We are using Aspose.PDF to convert PDF documents to Word documents. During conversion, Aspose correctly identifies bullet list items during conversion, but for some reason numbered list items are just converted to paragraphs with the item number being part of the paragraph. This applies to all different types of numbered items, including alphabetic and roman numerals. Calling .isListItem() in Aspose.WORDS returns false for these numbered list items.

Is there a way to configure Apose.PDF to detect numbered list items during conversion? If not, is there a way that I can convert paragraphs to numbered list items in Aspose.WORDS?

@jacogericke

Could you please ZIP and attach your input PDF and problematic output DOCX here for testing? We will investigate the issue and provide you more information on it.

Please see the attached ZIP file. I have also included another DOCX which was converted from the same PDF using a different application. The other DOCX correctly identifies both numbered items as well as different heading levels, e.g. Heading 1, Heading 2. Is it also possible to detect headings when converting PDF to DOCX with Aspose?
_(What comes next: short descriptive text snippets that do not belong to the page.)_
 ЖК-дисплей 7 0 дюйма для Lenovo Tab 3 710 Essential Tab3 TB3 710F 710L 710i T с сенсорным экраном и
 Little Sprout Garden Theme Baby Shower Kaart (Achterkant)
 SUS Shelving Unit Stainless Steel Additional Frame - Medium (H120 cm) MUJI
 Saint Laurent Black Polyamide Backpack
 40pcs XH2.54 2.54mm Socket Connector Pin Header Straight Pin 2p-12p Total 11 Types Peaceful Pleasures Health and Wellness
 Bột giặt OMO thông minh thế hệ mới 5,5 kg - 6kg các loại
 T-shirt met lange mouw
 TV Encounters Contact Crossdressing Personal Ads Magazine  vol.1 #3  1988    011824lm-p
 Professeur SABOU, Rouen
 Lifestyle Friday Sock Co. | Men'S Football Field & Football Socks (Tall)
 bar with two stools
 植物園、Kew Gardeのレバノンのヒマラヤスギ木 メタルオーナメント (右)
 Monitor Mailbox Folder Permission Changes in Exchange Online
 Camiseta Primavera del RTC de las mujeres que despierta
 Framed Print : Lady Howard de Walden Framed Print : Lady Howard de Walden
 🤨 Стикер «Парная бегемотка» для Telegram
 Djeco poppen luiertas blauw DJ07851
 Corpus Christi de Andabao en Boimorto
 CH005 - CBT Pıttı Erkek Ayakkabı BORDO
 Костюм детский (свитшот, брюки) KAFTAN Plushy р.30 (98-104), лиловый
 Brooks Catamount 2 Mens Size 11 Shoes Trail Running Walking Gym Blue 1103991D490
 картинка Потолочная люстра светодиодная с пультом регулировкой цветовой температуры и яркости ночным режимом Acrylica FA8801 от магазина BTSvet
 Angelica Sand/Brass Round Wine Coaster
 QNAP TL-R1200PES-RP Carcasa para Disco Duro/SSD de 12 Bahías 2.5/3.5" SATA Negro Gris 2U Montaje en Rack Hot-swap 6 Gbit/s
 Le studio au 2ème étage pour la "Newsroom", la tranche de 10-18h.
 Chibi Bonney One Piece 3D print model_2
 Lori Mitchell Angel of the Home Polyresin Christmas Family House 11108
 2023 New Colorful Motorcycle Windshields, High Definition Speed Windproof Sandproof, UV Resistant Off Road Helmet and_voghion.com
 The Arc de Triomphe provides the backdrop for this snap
Example Document.zip (79.5 KB)

@jacogericke

We have logged this problem in our issue tracking system as PDFNET-53371. You will be notified via this forum thread once this issue is resolved.

We apologize for your inconvenience.

1 Like

A post was split to a new topic: Detect list items when converting PDF to DOCX

@tahir.manzoor I would just like to add, I checked the output Word document again and I see that Aspose.WORDS in this case also did not detect the bulleted list items, but just converted them to normal paragraphs (not list paragraphs). So to reiterate, these are the three issues that I have with converting PDF to DOCX:

  1. Headings are not detected, e.g. Heading 1, Heading 2, etc.
  2. Numbered list items are not detected (including numerical, alphabetical and roman numerals, as well as numbered list items in parentheses or containing sections separated by periods)
  3. Some bulleted list items are not detected (perhaps not all possible bullet characters are being considered?)

Can you please update the ticket to include all of the points mentioned?

@jacogericke

Thanks for sharing the detail. We have logged it in our issue tracking system. You will be informed once this issue is resolved.